Moravian enclaves in Silesia were parts of Moravia, but from 1783 until 1928 they were governed by Silesian authorities according to Moravian legislation. They ceased to exist on December 1, 1928 (the day of creation of the province Moravia and Silesia). In fact, most of them were exclaves of Moravia, but in one case its foreland.

Territories of enclaves 
1) municipality Bohušov, (2) municipality Dívčí Hrad, (3) municipality Hlinka, (4) municipality Janov, (5) municipality Jindřichov, (6) municipality Liptaň, (7) municipality Osoblaha, (8) municipality Petrovice, (9) almost all of municipality Rusín, (10) almost all of municipality Slezské Pavlovice, (11) municipality Slezské Rudoltice, (12) municipality Vysoká; cadastral areas: (13) Piskořov (part of municipality Město Albrechtice) and (14) Třemešná (part of municipality Třemešná).

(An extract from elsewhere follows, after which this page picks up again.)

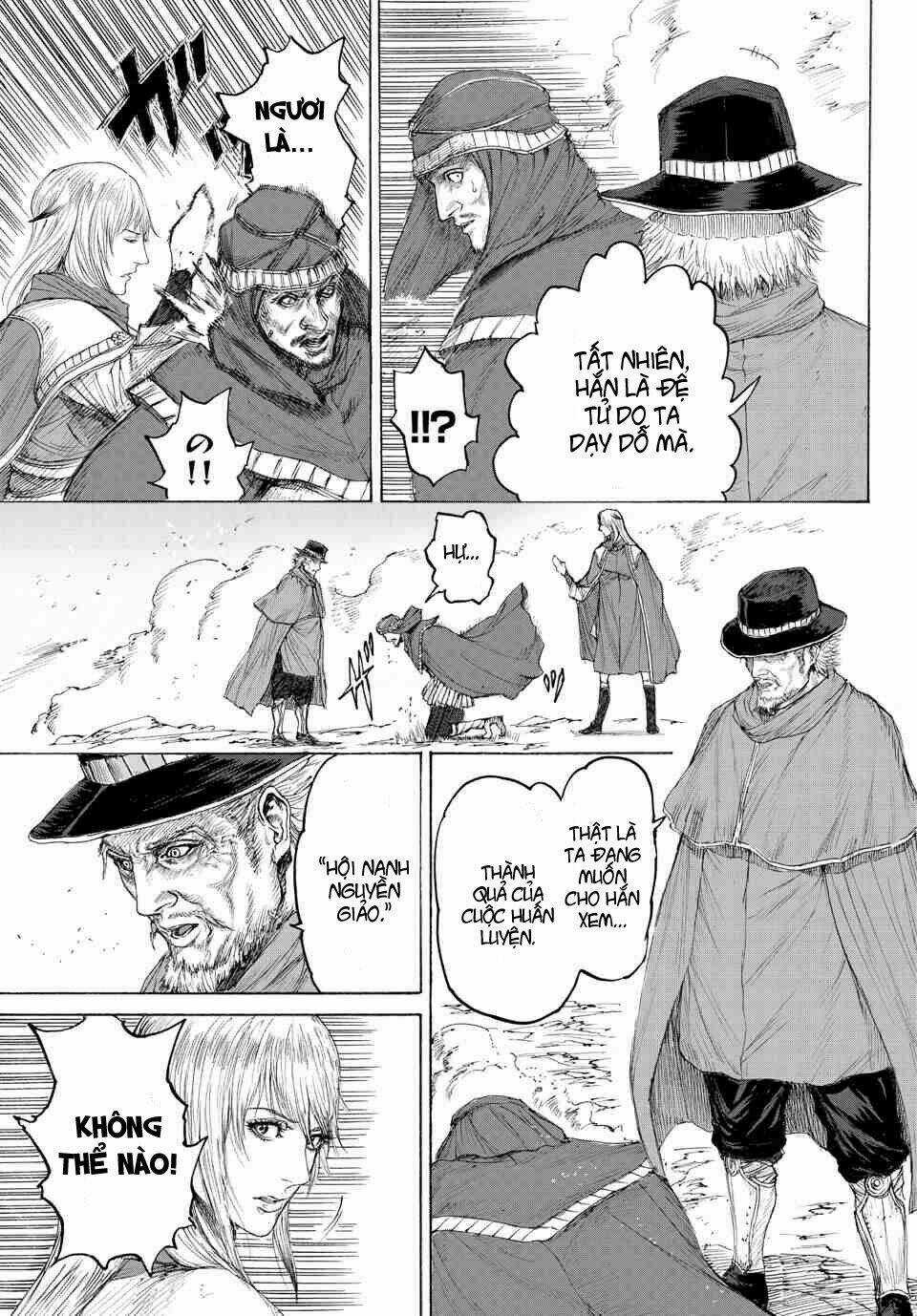 Monster X Monster - Chapter 16 - Trang 22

(15) municipality Lhotka u Litultovic, (16) almost all of municipality Litultovice (without its settlement Choltice), (17) municipality Dolní Životice, (18) municipality Mikolajice, (19) municipality Uhlířov, (20) municipality Slavkov; cadastral areas: (21) Deštné (part of municipality Jakartovice), (22) Jaktař (part of municipality Opava), (23) Štáblovice (part of municipality Štáblovice).
(24) almost all of cadastral area Vlaštovičky (part of municipality Opava).

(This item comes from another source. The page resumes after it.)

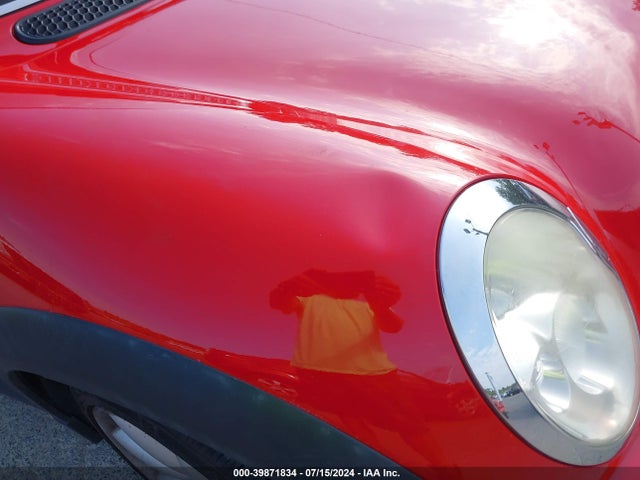 2004 MINI COOPER S WMWRE334X4TD87850 Photo 5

(25) municipality Slatina including its former settlements Ohrada (part of municipality Bílovec) and Karlovice (part of municipality Tísek).
(26) almost all of cadastral area Suché Lazce (part of municipality Opava), but without its settlement Přerovec, but including its former settlement Kravařov (part of municipality Opava).

Cadastral areas Butovice (27) (part of municipality Studénka) and Nové Vrbno (28) (part of municipality Větřkovice) were not part of Moravian enclaves in Silesia but integral part of Moravia.